In the year 2009, the Lord came unto Noah, who was now living in England, and said:

"Once again, the earth has become wicked and over-populated, and I see the end of all flesh before me."

"Build another Ark and save two of every living thing along with a few good humans."

He gave Noah the blueprints, saying:

"You have six months to build the Ark before I will start the unending rain for forty days and forty nights."

Six months later, the Lord looked down and saw Noah weeping in his yard - but no Ark.

"Noah!" He roared, "I'm about to start the rain! Where is the Ark?"

"Forgive me, Lord," begged Noah, "but things have changed."

"I needed a Building Permit."

"I've been arguing with the Boat Inspector about the need for a sprinkler system."

"My neighbours claim that I've violated the Neighbourhood Bye-Laws by building the Ark in my back garden and exceeding the height limitations. We had to go to the Local Planning Committee for a decision."

"Then the Local Council and the Electricity Company demanded a shedload of money for the future costs of moving power lines and other overhead obstructions, to clear the passage for the Ark's move to the sea. I told them that the sea would be coming to us, but they would hear nothing of it."

"Getting the wood was another problem. There's a ban on cutting local trees in order to save the Greater Spotted Barn Owl."

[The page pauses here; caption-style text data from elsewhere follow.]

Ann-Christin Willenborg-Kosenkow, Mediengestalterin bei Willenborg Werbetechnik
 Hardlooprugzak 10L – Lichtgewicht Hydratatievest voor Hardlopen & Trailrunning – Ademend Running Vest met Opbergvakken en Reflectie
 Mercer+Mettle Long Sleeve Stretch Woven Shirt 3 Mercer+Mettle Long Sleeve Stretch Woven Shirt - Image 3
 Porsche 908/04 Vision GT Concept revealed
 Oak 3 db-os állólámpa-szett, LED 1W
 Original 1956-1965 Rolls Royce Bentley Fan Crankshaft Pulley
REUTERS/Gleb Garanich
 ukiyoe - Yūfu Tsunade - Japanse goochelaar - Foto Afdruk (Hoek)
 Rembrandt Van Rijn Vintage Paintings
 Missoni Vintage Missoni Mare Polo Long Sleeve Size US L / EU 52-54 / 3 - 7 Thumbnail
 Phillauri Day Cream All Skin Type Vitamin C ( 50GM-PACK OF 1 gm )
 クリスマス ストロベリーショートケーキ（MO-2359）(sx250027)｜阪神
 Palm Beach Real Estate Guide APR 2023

"I tried to convince the environmentalists that I needed the wood to save the owls - but no go!"

"When I started gathering the animals the RSPCA took me to court. They insisted that I was confining wild animals against their will. They argued the accommodations were too restrictive, and it was cruel and inhumane to put so many animals in a confined space."

"Then the Environmental Agency ruled that I couldn't build the Ark until they'd conducted an environmental impact study on your proposed Flood."

"I'm still trying to resolve a complaint with the Human Rights Commission on how many minorities I'm supposed to hire for my building crew."

"Immigration are checking the visa status of most of the people who want to work."

"The trades unions say I can't use my sons. They insist I have to hire only Union workers with ark-building experience."

"To make matters worse, the Inland Revenue seized all my assets, claiming I'm trying to leave the country illegally with endangered species."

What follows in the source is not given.